11 Summary of Evidence and Relation to Corballis and Dunbar

Thus, there is a class of calls displayed by chimpanzees that consist of apparently voluntary control over the respiratory apparatus, apparently voluntary control over a variety of post-laryngeal modifications of the airstream, are apparently amplified versions of sounds made during grooming, display a reverse patterning of cerebral dominance, compared with most vocalizations, and are ontogenetically adapted for use in ecologically novel experimental contexts in which chimpanzees are dependent upon humans to act on the world for them, the Referential Problem Space. There are at least two theoretically significant aspects of this pattern of empirical results.
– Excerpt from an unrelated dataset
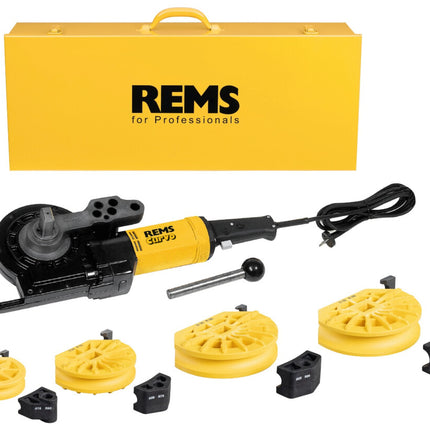 REMS Curvo Set 16+20+25+32 - 580034 RSEV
The first significant implication of this pattern of findings is that these sounds are amplified versions of sounds that chimpanzees make during grooming episodes. When chimpanzees groom each other, they might repetitively chomp their teeth, display low-level sputtering, smack their lips together or pant repeatedly. Dunbar (1996) has suggested that when social networks become too large for one-to-one grooming to support those networks, then calling behaviour fulfils that role and sees in this postulate a possible socioecological mechanism that might have fostered oral communication in our hominid ancestors. The patterns we reviewed are consistent with Dunbar’s hypothesis: we find that even in the absence of natural selection, a relatively simple set of changes to chimpanzees’ ecological circumstances elicits remarkable innovation in call use, when these apes are dependent upon others to act on the world outside their cages. We propose that there is substantial, yet heretofore underappreciated flexibility in the call systems of great apes, and we think that it is possibly no coincidence that the calls associated with grooming—crucial for developing and maintaining affiliative social relationships—are the calls that display the most flexibility in use. Grooming is used strategically—and therefore apparently intentionally—in great apes (e.g., Aureli and de Waal 2000; de Waal 1982). The flexibility in these call systems is manifested in the Referential Problem Space. We have previously argued that this socioecological circumstance, in which an organism is dependent upon another to act on the world for them, characterized the early developmental environments of our hominid ancestors, when babies began to be born too weak and helpless to cling to their mothers throughout the infancy period (Leavens et al. 2008, 2009). In contemporary chimpanzees, newborns are similarly weak and helpless, but rapidly develop the capacity to cling to their mothers during locomotion, and this occurs early in infancy—indeed, chimpanzees are capable of independent locomotion by approximately 5 months of age. In contrast, human babies lack this clinging capacity throughout their infancy period, and locomotor development is an extremely protracted process with a duration of several years (Adolph and Berger 2005).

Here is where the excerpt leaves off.